WOOD: “On August 6, 2014, the ISIS forces arrived outside of the city of Qaraqosh, Iraq. The city of Qaraqosh, at that time, was the largest Christian city in Iraq. It was 50,000 people, approximately 80% Christian. The ISIS forces gave the people there a day to make a decision. And the decision they had to make was either to leave or be killed or convert to Islam. It was that simple and that brutal!
“You had an estimated 40,000 Christian people leave and hundreds were killed. They were people that tried to reason with the ISIS forces that were murdered. People that went out to try to talk to them and beg them to be merciful were killed. It was chaos.
“They carried what they could in suitcases and packed into family cars and drove as far as they could go before they ran out of gas. They slept along the roadside. They slept in cemeteries. They made their way to various countries. Some went to Turkey, some went to Syria, some went south into the desert and then went around to the east to Baghdad, and some went to Jordan.”
In 2019, the American Foundation for Relief and Reconciliation in the Middle East established The Olive Tree Center in Madaba, Jordan.
WOOD: “That’s a small five-room building where we offer a number of training opportunities, therapeutic meetings, woodworking classes, mosaic-making classes, adults and children classes, and especially a community center for Iraqi Christians where they can be Iraqis. They’re not Jordanians, even though they live in Jordan.”
Wood addressed whether any of the Christian Iraqi refugees, who fled ISIS in Qaraqosh, Iraq in 2014, subsequently returned to their homeland.
WOOD: “People often ask why they haven’t gone back to Qaraqosh in northern Iraq. Thousands of them have. Those who had jobs to return to, a lot of them went back to those jobs. But keep in mind, this is an area that looks like Europe after World War Two, looks like a war zone because it was a warzone. They destroyed houses, municipal buildings, churches, stole everything that they could take with them. So, there’s not a viable economy to go back to. And then the other factor, Adam, that keeps many of them from going back is while ISIS, as an organization, was defeated, radical Islamists still exist in Iraq, and the government is very weak. The law enforcement is very corrupt. And they still don’t feel safe to go back.”

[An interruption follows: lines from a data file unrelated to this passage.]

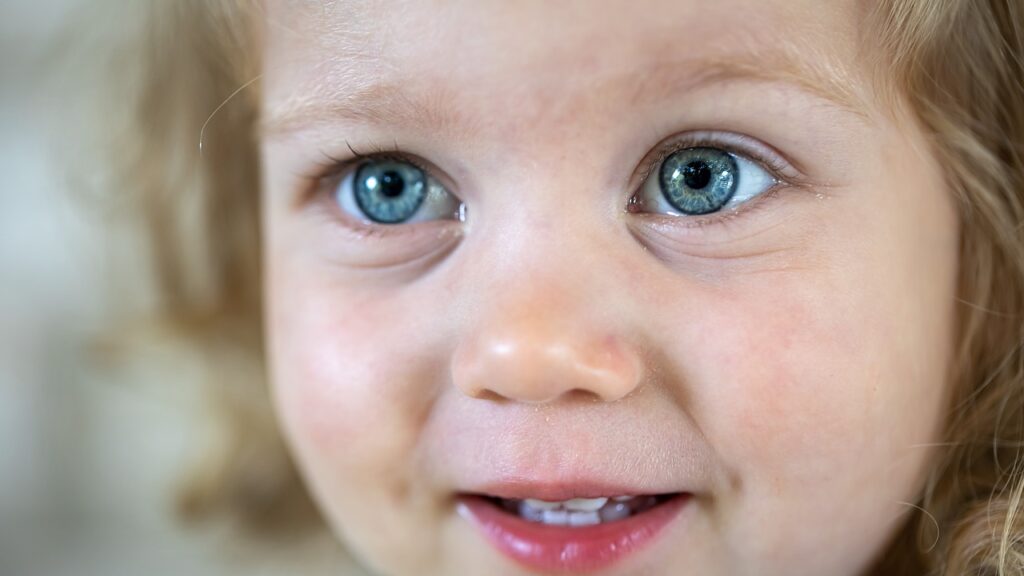 Surgery for Congenital Ptosis 2 surgery for congenital ptosis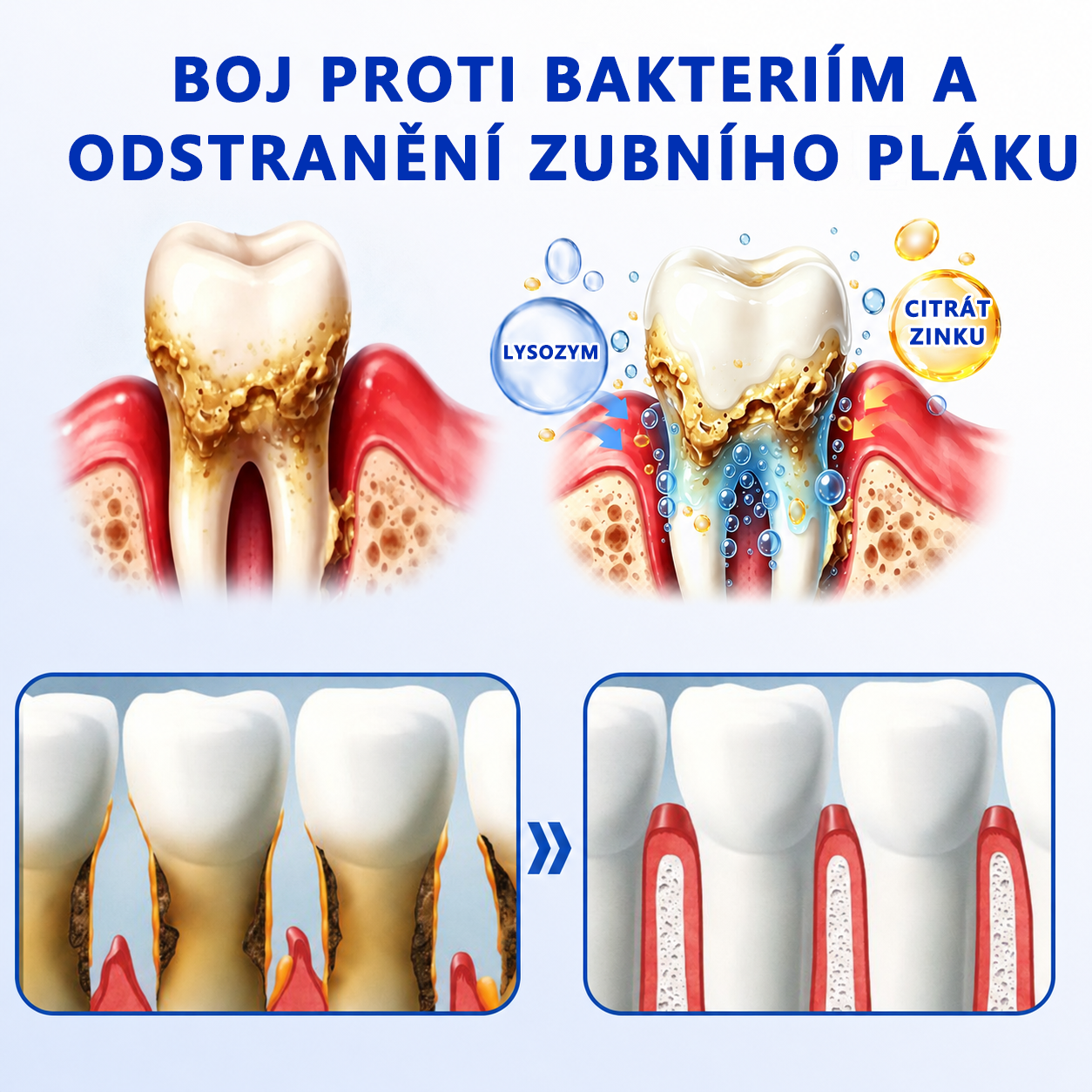 🦷🦷 𝑮𝒍𝒊𝒎𝒎𝒆𝒓𝒍𝒚® 𝑮𝒖𝒎𝑹𝒆𝒗𝒊𝒗𝒆 𝑷𝒂𝒓𝒐𝒅𝒐𝒏𝒕𝒂́𝒍𝒏𝒊́ 𝑹𝒆𝒈𝒆𝒏𝒆𝒓𝒂𝒄̌𝒏𝒊́ 𝑮𝒆𝒍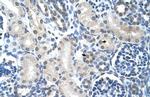 LOR Antibody in Immunohistochemistry (Paraffin) (IHC (P))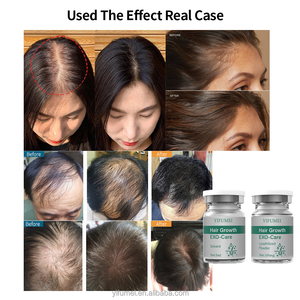 Siero per il Cuoio Capelluto per <span class=keywords><strong>Capelli</strong></span> Diradati e Calvi, Tonico per la Crescita, Siero Anticaduta, Alopecia, EXO Liofilizzato per la Ricrescita dei <span class=keywords><strong>Capelli</strong></span> - Product Image 3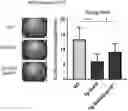 Fig. 01 - MODULATING BONE MORPHOGENIC PROTEIN (BMP) SIGNALING IN THE TREATMENT OF ALZHEIMER'S DISEASE
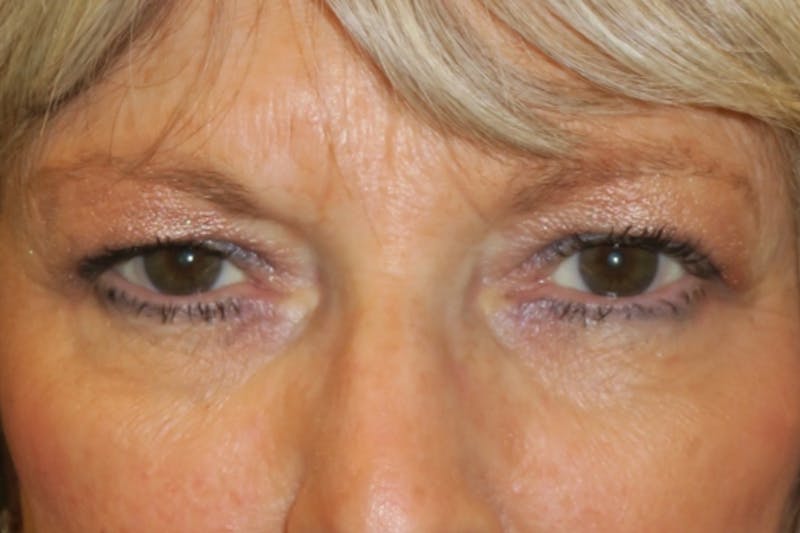 Browplasty (Brow Lift) Before & After Gallery - Patient 148992247 - Image 1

To help fund the work of The Olive Tree Center in Madaba, Jordan to help assist the Iraqi Christian refugees, make a donation through the Christian-based American Foundation for Relief and Reconciliation in the Middle East through a special link in our transcript today at www.TheWorldview.com.
Biden admin pressured Big Tech to suppress criticism of COVID mandates
President Joe Biden’s administration worked closely with Facebook to censor dissent about COVID and related policies, according to the latest set of emails released by Republican Congressman Jim Jordan, reports LifeSiteNews.com.
The emails provide further evidence that Big Tech works not as an independent, private company, but as an extension of the federal government.
LifeSiteNews previously reported on Biden’s claim that Facebook was “killing people” by not censoring more COVID “misinformation.” Plus, former White House Press Secretary Jen Psaki acknowledged that the administration had been “flagging problematic posts for Facebook that spread disinformation.”
In a series of tweets from Republican Congressman Jim Jordan, the Chair of the House Judiciary Committee, he documents how Rob Flaherty, President Biden’s former director of digital strategy, was actively colluding with Facebook to censor the First Amendment rights of Americans about the efficacy of the COVID shot.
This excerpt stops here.